2. The interests that are deemed to fall within the scope of the protection of the right to respect for private life under Article 8 have broadened in the Court’s case-law, particularly where potential victims of a violation are concerned. The Court’s case-law, which originally seemed to offer protection only to natural persons, now recognises the right of legal persons to the protection of their “home” and “correspondence”.
This development started with applications lodged by natural persons concerning interferences at their workplaces or otherwise connected with their professional lives (see, among other authorities, Buck v. Germany , no. 41604-98, ECHR 2005-IV, and Niemietz v. Germany , 16 December 1992, Series A no. 251-B). The Court has expanded its interpretation of the concept of “home” to include professional or business activities or premises (see Niemietz , cited above, §§ 30-31). In these cases the bearer of the rights under Article 8 were still natural persons. In the case of Société Colas Est and Others v. France (no. 37971/97, ECHR 2002-III), however, the Court, referring to the nature of the Convention as a “living instrument which must be interpreted in the light of present-day conditions” and pointing out that the Court had already recognised a company’s right under Article 41 to compensation for non-pecuniary damage sustained as a result of a violation of Article 6 § 1 of the Convention, ruled that “the time has come to hold that in certain circumstances the right guaranteed by Article 8 of the Convention must be construed as including the right to respect for a company’s registered office, branches or other business premises” (§ 41). The Court reached this conclusion after having, inter alia , cited the case-law of the Court of Justice of the European Communities (CJEC). In Hoechst v. Commission (judgment of 21 September 1989 in joined cases 46/87 and 227/88), the CJEC had concluded that, regardless of the non-applicability of Article 8, the need for protection in the sphere of the private activities of any person, whether natural or legal, must be recognised as a general principle of Community law.
In the same body of case-law the Court has stated that the entitlement to interfere to the extent permitted by paragraph 2 of Article 8 might well be more far-reaching where professional or business activities or premises were involved than would otherwise be the case (see Niemietz , cited above, § 31, and, mutatis mutandis , Société Colas Est and Others , cited above, § 49).
3. In the present case, the search warrant was worded broadly enough to encompass all kinds of material relating to certain suspected crimes. However, the real aim of the investigation was to identify a suspected journalist and secure evidence against him in connection with investigations into certain specific crimes. The search took place in the presence of the journalist in question, who cooperated with the police officers throughout. It does not appear that the investigation and the search targeted the applicant company as such or the editor of the newspaper.

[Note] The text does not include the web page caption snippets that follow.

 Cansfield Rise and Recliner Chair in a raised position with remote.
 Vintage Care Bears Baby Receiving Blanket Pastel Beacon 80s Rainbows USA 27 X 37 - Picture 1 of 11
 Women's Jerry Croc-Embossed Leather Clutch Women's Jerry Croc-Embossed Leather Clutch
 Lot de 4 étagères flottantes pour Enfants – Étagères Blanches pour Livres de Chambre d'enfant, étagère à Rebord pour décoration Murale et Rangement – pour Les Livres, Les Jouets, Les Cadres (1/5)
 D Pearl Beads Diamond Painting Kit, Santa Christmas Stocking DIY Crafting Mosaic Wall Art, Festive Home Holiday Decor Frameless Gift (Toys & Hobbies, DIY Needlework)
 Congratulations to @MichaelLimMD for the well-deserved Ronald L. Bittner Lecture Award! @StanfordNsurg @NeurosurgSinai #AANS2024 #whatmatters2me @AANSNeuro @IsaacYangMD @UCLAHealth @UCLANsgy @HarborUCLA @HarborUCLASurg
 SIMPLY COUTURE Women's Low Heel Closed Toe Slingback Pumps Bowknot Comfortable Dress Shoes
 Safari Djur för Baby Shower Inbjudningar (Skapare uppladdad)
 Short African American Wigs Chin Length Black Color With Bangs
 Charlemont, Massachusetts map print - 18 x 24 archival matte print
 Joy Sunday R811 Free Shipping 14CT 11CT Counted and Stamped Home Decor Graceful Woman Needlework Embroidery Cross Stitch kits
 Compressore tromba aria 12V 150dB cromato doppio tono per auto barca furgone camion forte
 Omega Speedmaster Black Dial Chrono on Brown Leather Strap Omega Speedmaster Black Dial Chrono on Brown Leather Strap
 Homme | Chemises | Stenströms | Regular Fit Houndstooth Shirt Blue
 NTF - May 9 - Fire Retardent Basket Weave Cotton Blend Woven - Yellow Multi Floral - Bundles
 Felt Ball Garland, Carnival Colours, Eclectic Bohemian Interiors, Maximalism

The Court’s standpoint is that entitlement to interfere might be more far-reaching in the case of business activities and premises. The circumstances in which the Court has found a violation in this regard (in Société Colas Est and Others , which dealt with large-scale seizures by State inspectors of several thousand documents in the applicant company’s head office and various subsidiary branches, without prior authorisation by any judicial authority) lead me to conclude that in the present case the disturbance of the applicant company’s “home”, which consisted in entering the company’s premises and questioning the journalist, cannot be regarded as tantamount to an interference with its right to respect for “private life”. As regards the removal of the journalist’s papers and the measure, which was remarkable in itself, of inserting a USB memory stick into his computer, the measures also targeted the journalist as a suspect, and the applicant company has not claimed that they directly affected it in any other way. In my view, moreover, these measures were not such as to qualify as interference with the applicant’s right to respect for its private life. For these reasons, I consider that the application is manifestly ill-founded as regards the complaint under Article 8 and should have been declared inadmissible as regards that part.